Where to go online ticket reptile

   Recently, the company has a new requirement, that is, it needs to crawl the air ticket data of a certain day. Let me first crawl the data of Ctrip. Qunar. For Ctrip, it is still relatively simple, but Qunar. I encountered a problem. At the beginning, I used the requests module to crawl Qunar. In the header information of the request, there are some random values. Each request is different. Even if you use the random value of the last request, it will be Fake data is returned to you. I generated some random strings for it myself to request, but still returned fake data. In the end, there is no way, I can only use selenium Dafa.

In the process of using selenium, Qunar.com still did an anti-selenum crawler:

  1. I recognized selenium with js

< p>   When I selected the location and time, I clicked to load, and I entered each flight information page. The other parts were displayed. The core data was loading all the time. My computer crashed several times.

   This kind of anti-climbing encountered for the first time, only Baidu, and finally found a solution in this great god:

https:// www.cnblogs.com/xieqiankun/p/hide-webdriver.html

  Solution:

  Add parameters in option, stop “Stop developer mode running”; I Chrome browser used, so:

option.add_experimental_option('excludeSwitches', ['enable-automation'])

   Then the data is successful Show it,

    

  2. On the air ticket price, use css to disrupt the price so that you can’t climb the real Price

When I thought I was about to succeed, I found a new problem. Using the data matched by xpath, there are a lot of disrupted data, and there are some interfering data in it:< /p>

<em class="rel">

<b style="width:48px;left:-48px" >
<i style=width: 16px;"">6i>
<i style=width: 16px;"">5i>
<i style=width: 16px;"">6i>
b>
<b style="width: 16px;left:-48px">7 b> span>
em>

Real price: 756

Rules:

It mainly depends on the width of css

Above:

  Total width 48px

   Displayed value The text value of the i tag in the b tag, except for one b tag for display, the value of the other b tag replaces the i tag The middle text value is the real value.

   The left value in the style of each b tag indicates the position, such as left: -48px, replace the first i, if left: -16px, replace the third i.

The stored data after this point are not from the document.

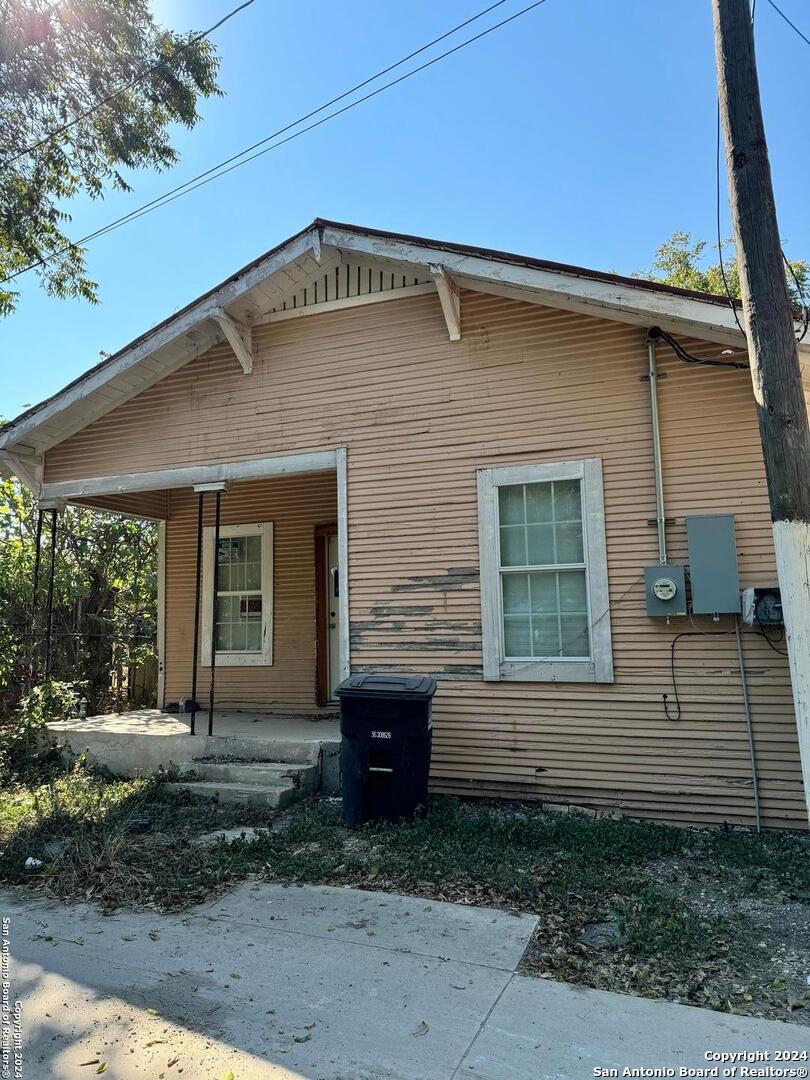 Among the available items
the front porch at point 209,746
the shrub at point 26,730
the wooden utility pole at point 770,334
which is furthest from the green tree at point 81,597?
the wooden utility pole at point 770,334

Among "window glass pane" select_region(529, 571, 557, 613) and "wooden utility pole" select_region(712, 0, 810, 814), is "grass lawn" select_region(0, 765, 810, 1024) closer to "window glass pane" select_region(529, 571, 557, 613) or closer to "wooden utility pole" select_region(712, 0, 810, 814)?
"wooden utility pole" select_region(712, 0, 810, 814)

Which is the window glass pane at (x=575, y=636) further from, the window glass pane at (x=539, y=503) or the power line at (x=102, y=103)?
the power line at (x=102, y=103)

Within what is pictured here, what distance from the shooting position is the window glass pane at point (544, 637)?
605 centimetres

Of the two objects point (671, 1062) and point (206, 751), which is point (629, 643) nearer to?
point (671, 1062)

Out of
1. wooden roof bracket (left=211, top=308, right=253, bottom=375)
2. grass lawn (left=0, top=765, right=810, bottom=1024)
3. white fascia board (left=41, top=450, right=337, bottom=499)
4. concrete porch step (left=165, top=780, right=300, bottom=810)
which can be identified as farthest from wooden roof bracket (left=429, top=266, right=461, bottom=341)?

   is the way of thinking, I put the code on github, link: https://github.com/bobos008/Airticket

https: //www.cnblogs.com/xieqiankun/p/hide-webdriver.html

option.add_experimental_option('

span>excludeSwitches, [enable-automation])

<em class="rel">

<b style="width:48px;left:-48px" >
<i style=width: 16px;"">6i>
<i style=width: 16px;"">5i>
<i style=width: 16px;"">6i>
b>
<b style="width: 16px;left:-48px">7 b> span>
em>

Leave a Comment

Your email address will not be published.